Start of Block
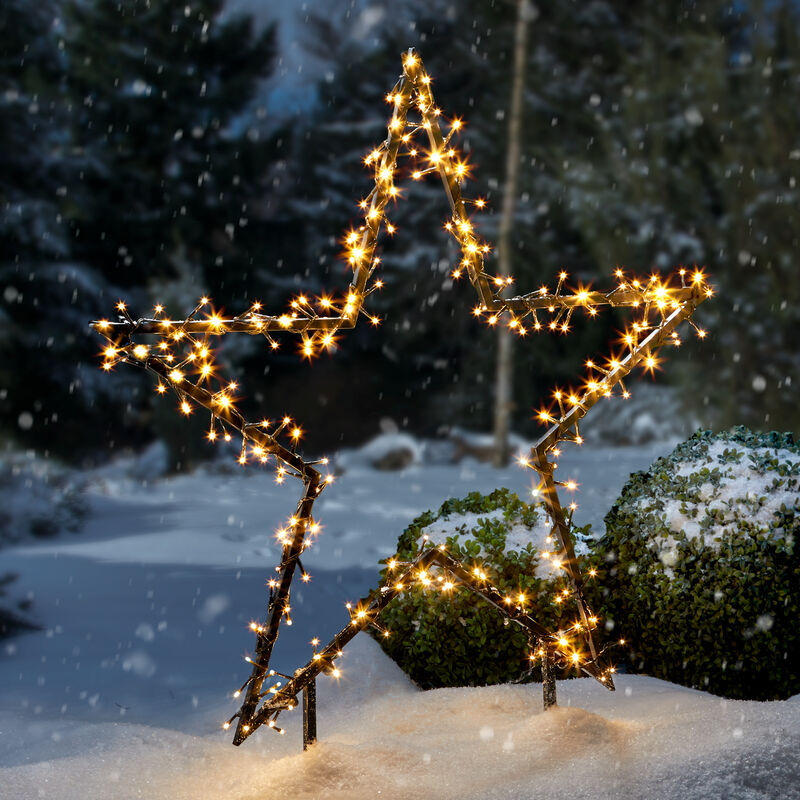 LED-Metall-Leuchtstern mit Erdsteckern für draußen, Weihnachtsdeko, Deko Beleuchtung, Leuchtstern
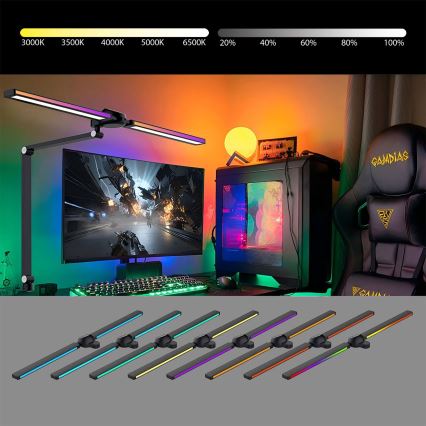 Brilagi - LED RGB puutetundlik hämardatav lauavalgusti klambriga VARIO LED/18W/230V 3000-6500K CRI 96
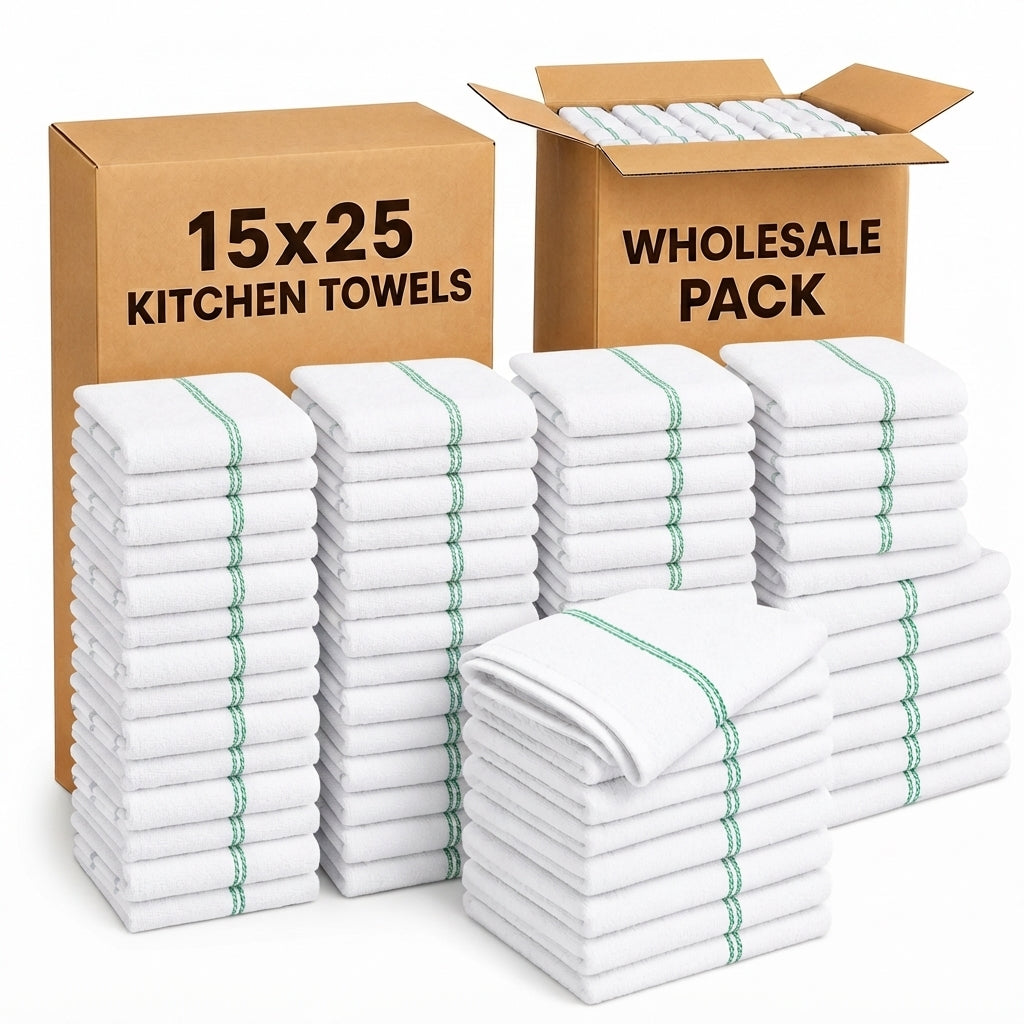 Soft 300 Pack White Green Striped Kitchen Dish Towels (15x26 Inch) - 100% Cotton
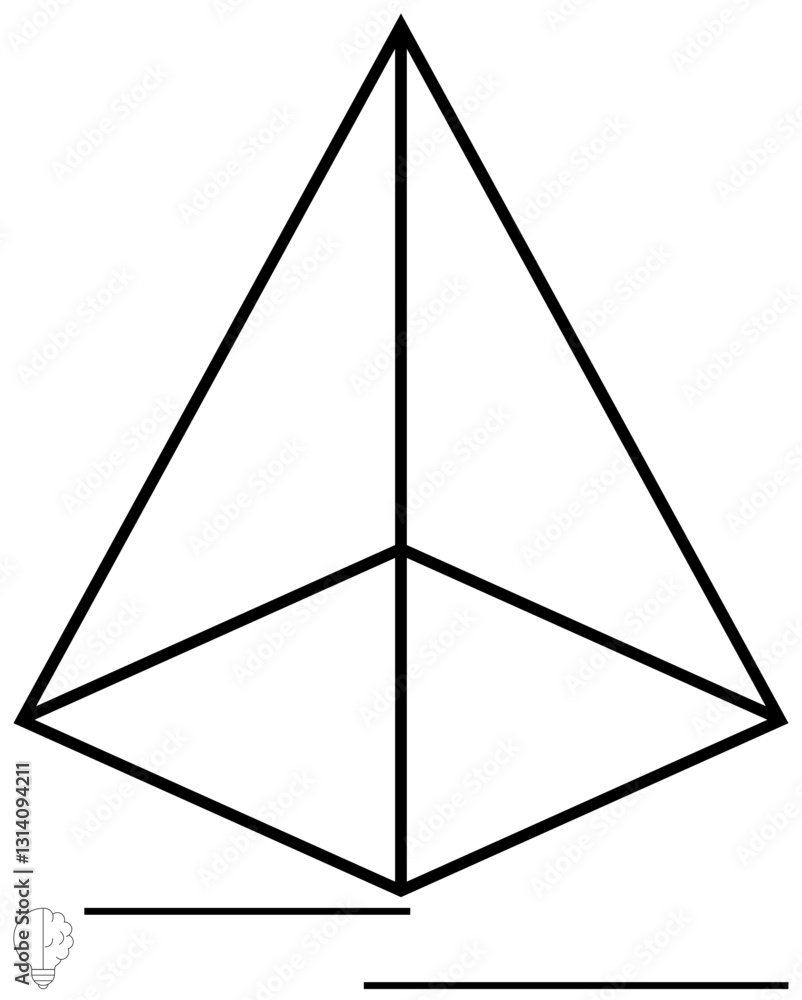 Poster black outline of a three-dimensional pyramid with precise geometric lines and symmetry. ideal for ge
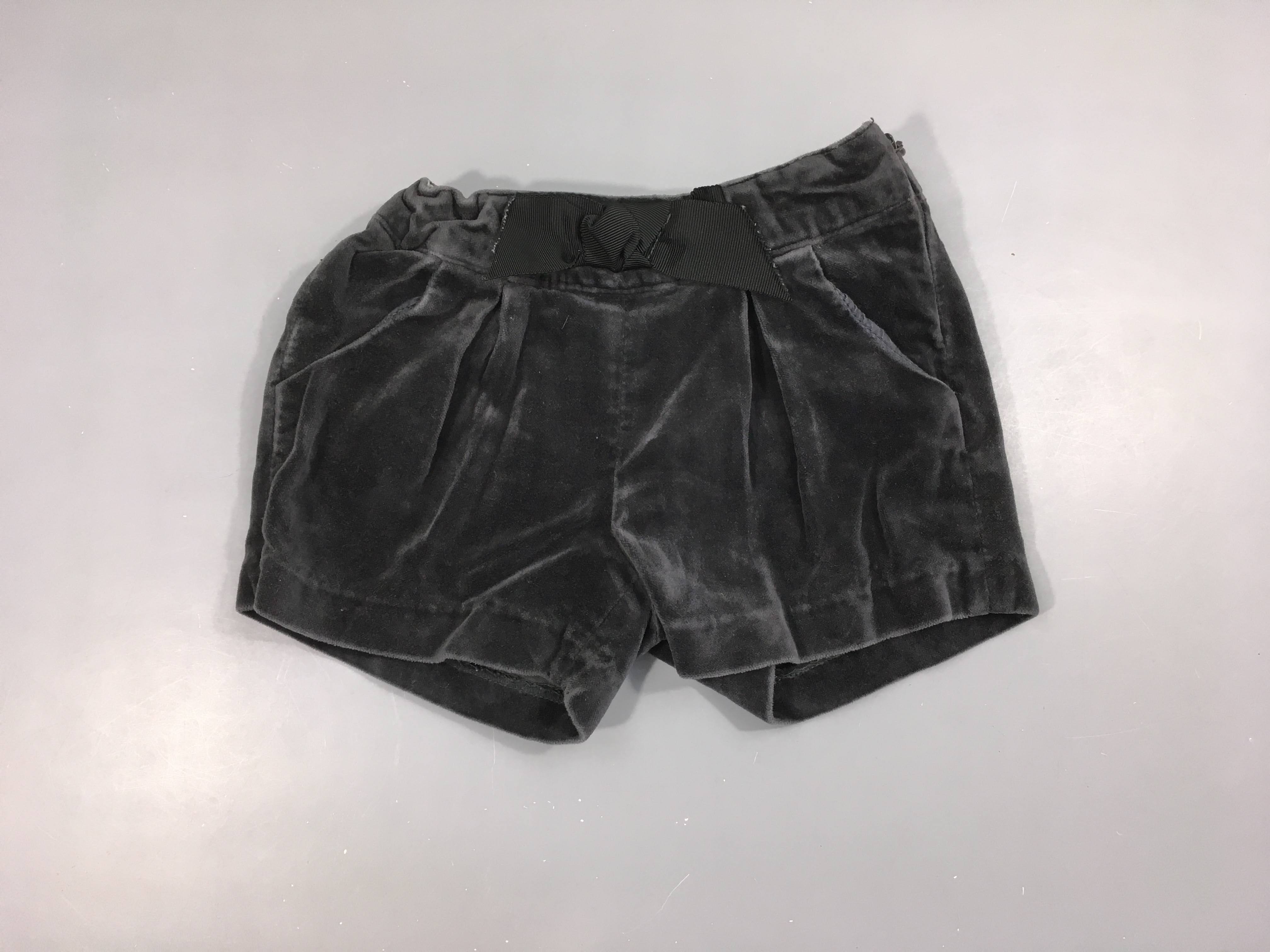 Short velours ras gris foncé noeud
End of Block
BRIEF ▸
Copy exactly the lines from the first line of the records above through the line with "Soft 300 Pack", both included, and nothing else. Pictures stay out.

ANSWER FOR THIS EXERCISE ▸
 LED-Metall-Leuchtstern mit Erdsteckern für draußen, Weihnachtsdeko, Deko Beleuchtung, Leuchtstern
 Brilagi - LED RGB puutetundlik hämardatav lauavalgusti klambriga VARIO LED/18W/230V 3000-6500K CRI 96
 Soft 300 Pack White Green Striped Kitchen Dish Towels (15x26 Inch) - 100% Cotton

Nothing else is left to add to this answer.